[[ RECORDS TO PROCESS, beginning ]]
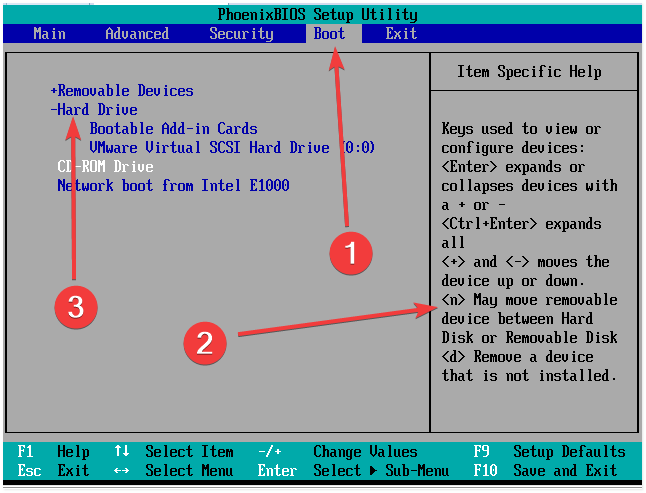 Fix error reboot and select proper boot device in bios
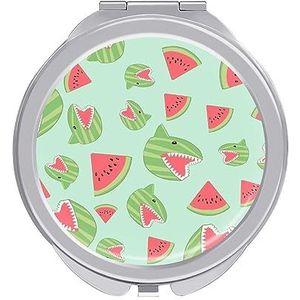 Shark Watermeloen Compact Kleine Reizen Make-up Spiegel Draagbare Dubbelzijdige Pocket Spiegels voor Handtas Purse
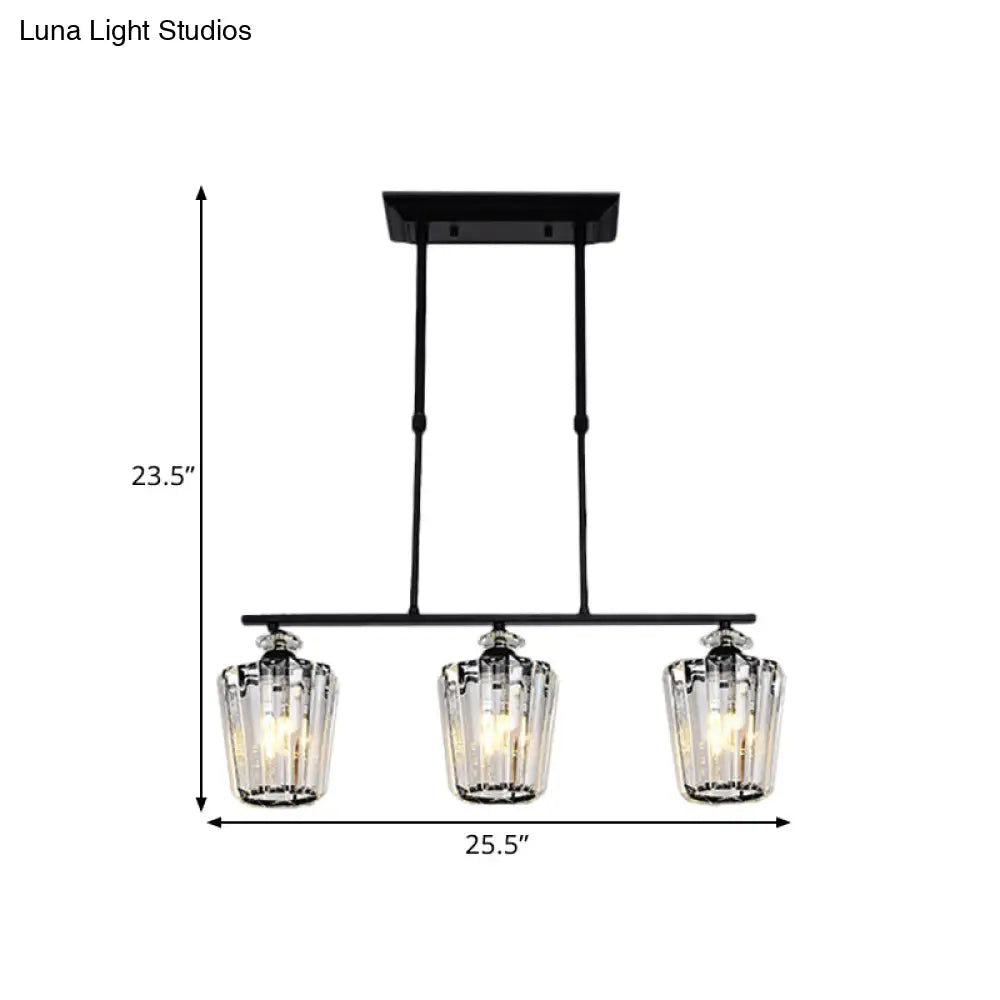 ثريا جزيرة معدنية سوداء حديثة من DecorBites™ مع غطاء كريستال أسطواني - 3/4 رأس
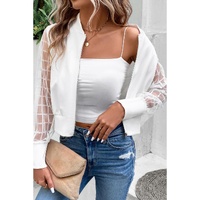 White Latticed Mesh Sleeve Zip Up Bomber Jacket - XL thumbnail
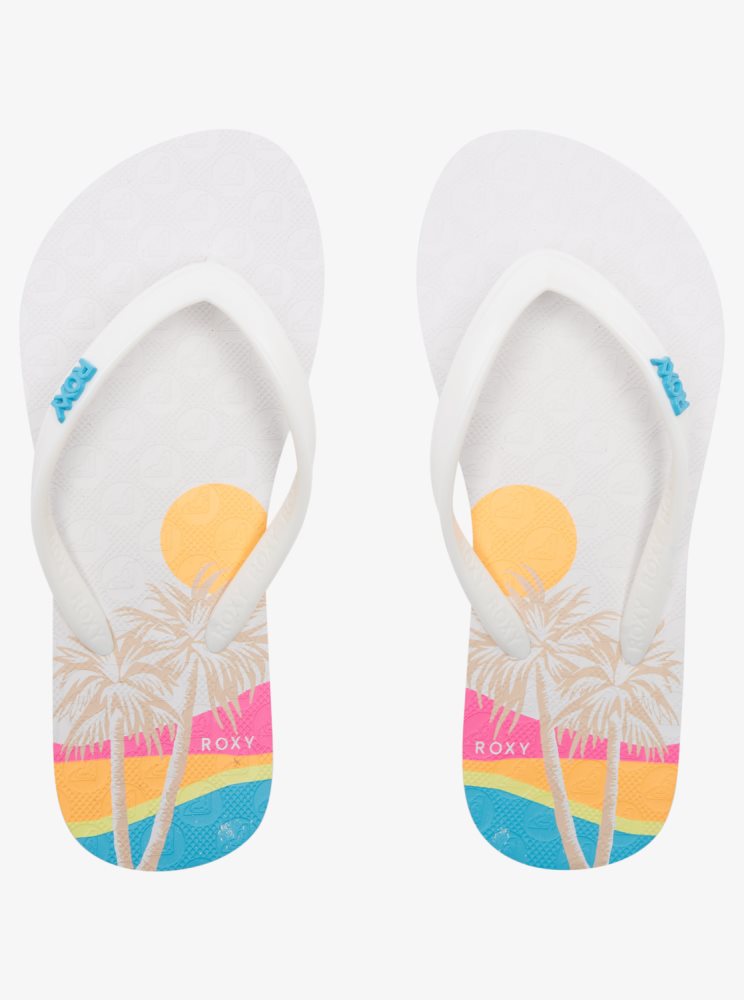 White Kids' Roxy 4-16 Viva Stamp Sandals | USA BMGL-57218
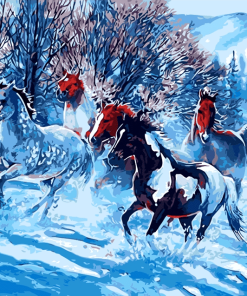 Horses in Winter Wonderland Paint By Numbers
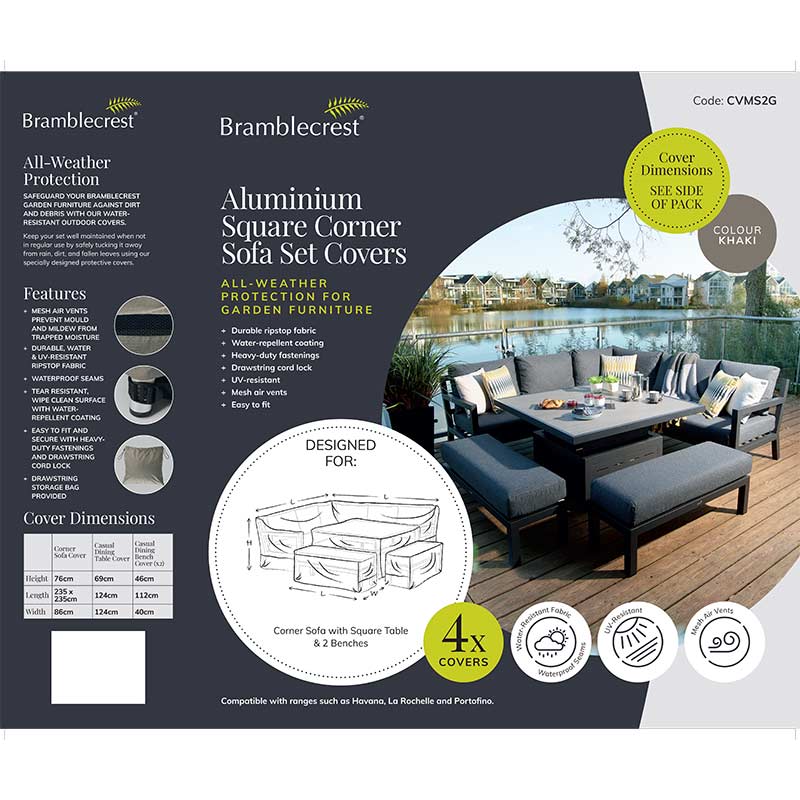 Bramblecrest Covers for Aluminium Square Corner Sofa Set image 0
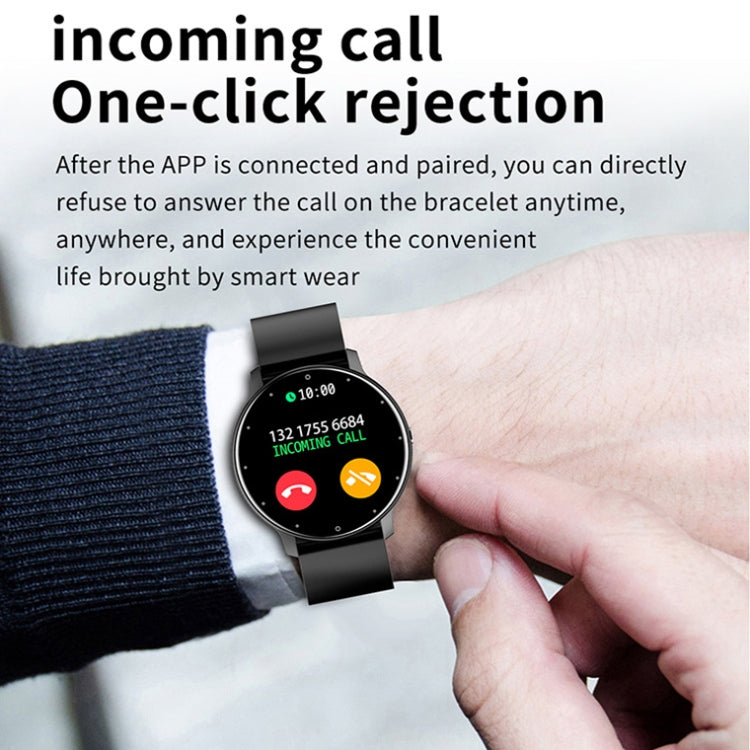Heart rate monitoring smartwatch with black silicone strap on wrist, incoming call screen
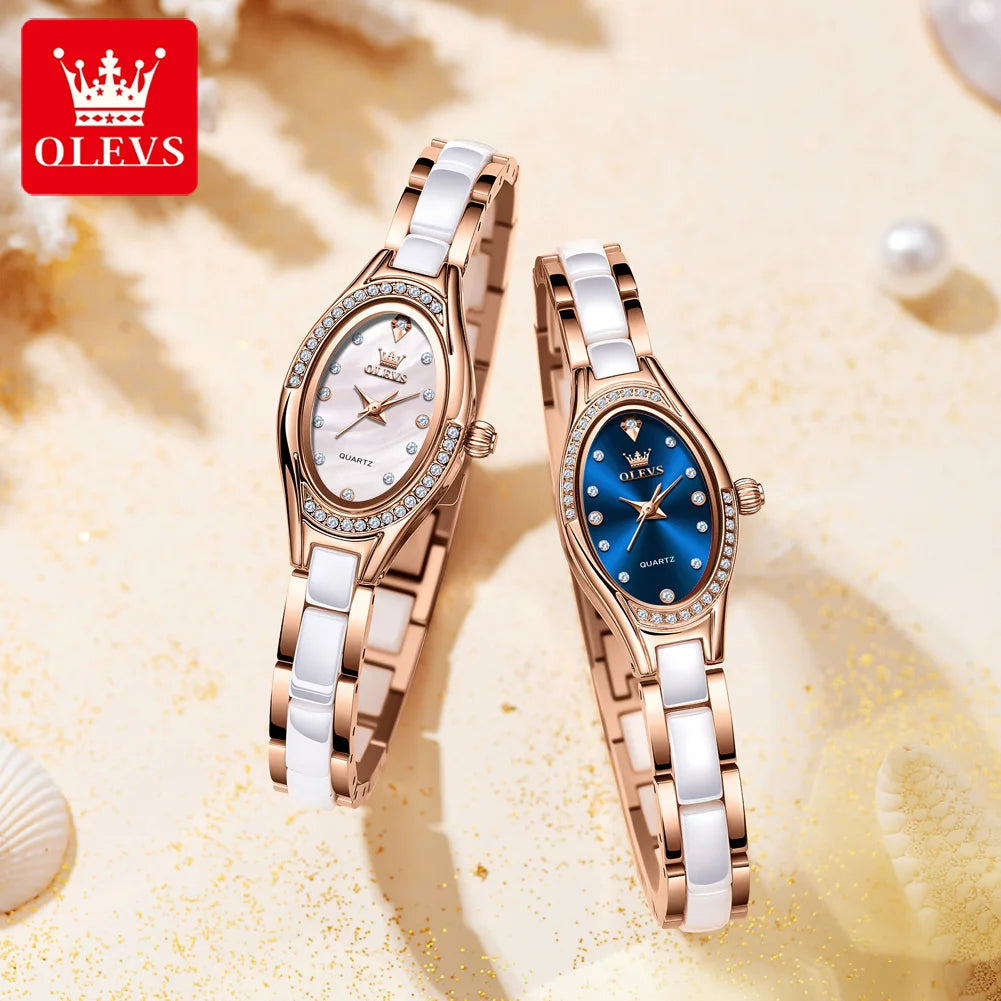 OLEVS 7131 Orologio da Donna Elegante con Movimento al Quarzo, Cinturino in Porcellana, Impermeabile 30m, Quadrante con Diamanti, Orologio alla Moda per Donne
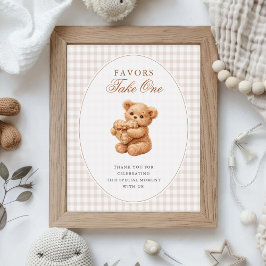 Brown Gingham Teddy Bear Neutral Baby Shower Paper Poster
[[ RECORDS TO PROCESS, end ]]
» **YOUR OBJECTIVE**: Please print the entries exactly as they stand. Images are not part of the copy.

» **WRITTEN RESPONSE**:
 Fix error reboot and select proper boot device in bios
 Shark Watermeloen Compact Kleine Reizen Make-up Spiegel Draagbare Dubbelzijdige Pocket Spiegels voor Handtas Purse
 ثريا جزيرة معدنية سوداء حديثة من DecorBites™ مع غطاء كريستال أسطواني - 3/4 رأس
 White Latticed Mesh Sleeve Zip Up Bomber Jacket - XL thumbnail
 White Kids' Roxy 4-16 Viva Stamp Sandals | USA BMGL-57218
 Horses in Winter Wonderland Paint By Numbers
 Bramblecrest Covers for Aluminium Square Corner Sofa Set image 0
Heart rate monitoring smartwatch with black silicone strap on wrist, incoming call screen
 OLEVS 7131 Orologio da Donna Elegante con Movimento al Quarzo, Cinturino in Porcellana, Impermeabile 30m, Quadrante con Diamanti, Orologio alla Moda per Donne
 Brown Gingham Teddy Bear Neutral Baby Shower Paper Poster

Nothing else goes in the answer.